Last night at The Beacon Theatre in a co-headlining show with The Psychedelic Furs, East Kilbride, Scotland-originated influential post-punk/noise pop/shoegaze-precursor group The Jesus & Mary Chain returned to NYC for the first time since 2018, intact with shadowy lyrics wrapped in bright melodies sung in offhand baritone by Jim Reid bristled by blistering fuzz riffs from William Reid (the original Creation Records sometimes-fractious brothers band) celebrating 40 years of JAMC with excellent new LP Glasgow Eyes, which opens with “Jamcod” (sung “JAMC O.D.,” still plumbing the darkness) that has the same danceable downtrodden swagger of breakthrough U.S. alt-rock hits “Head On” (later covered by Pixies) and “Reverence.”
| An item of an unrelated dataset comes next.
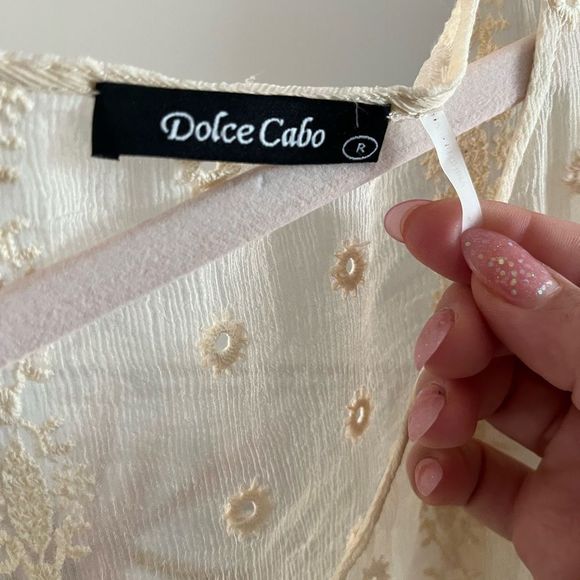 Medium/large 100% silk sheer cream eyelet top with batwing sleeves. - Picture 6 of 8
Although JAMC played only 13 songs in this abbreviated co-headlining format, the Reids managed to hit many of their best, from early Creation singles “Just Like Honey” (joined by opener Frankie Rose on duet vocals) & “Some Candy Talking” to later faves “April Skies” and “Far Gone and Out,” joined by the excellent Justin Welch (of Elastica, Lush) on drums to keep the crowd wanting much more.
Setlist:
Jamcod
April Skies
Head On
Happy When It Rains
All Things Must Pass
Chemical Animal
Some Candy Talking
Far Gone and Out
Venal Joy
Sometimes Always
Nine Million Rainy Days
Just Like Honey
Reverence
After The Jesus & Mary Chain’s excellent set, another British brothers band, London, England-originated post-punk art-rock/new wave sextet The Psychedelic Furs also played for less than an hour, but brought out enough ’80s hits to have the crowd singing and swaying along to singer Richard Butler’s distinct snarl-croon, theatrically miming his still-relevant post-modern barbed poetry with his brother Tim Butler’s melodic bass locked in with long-time post 2000 reunion member Rich Good on guitar, with post-pandemic members Zack Alford on drums & Amanda Kramer (of Information Society) on keyboards, and guest guitarist Richard Fortus (once in the Butlers’ off-shoot ’90s group Love Spit Love, now in Guns N’ Roses) to capture the reverbed phase-shifted guitar & synth magic of the Furs. Especially good were the songs from the 2020 comeback LP Made of Rain, with the impassioned doomed love ballad “Wrong Train” fitting in well with the ’80s classics.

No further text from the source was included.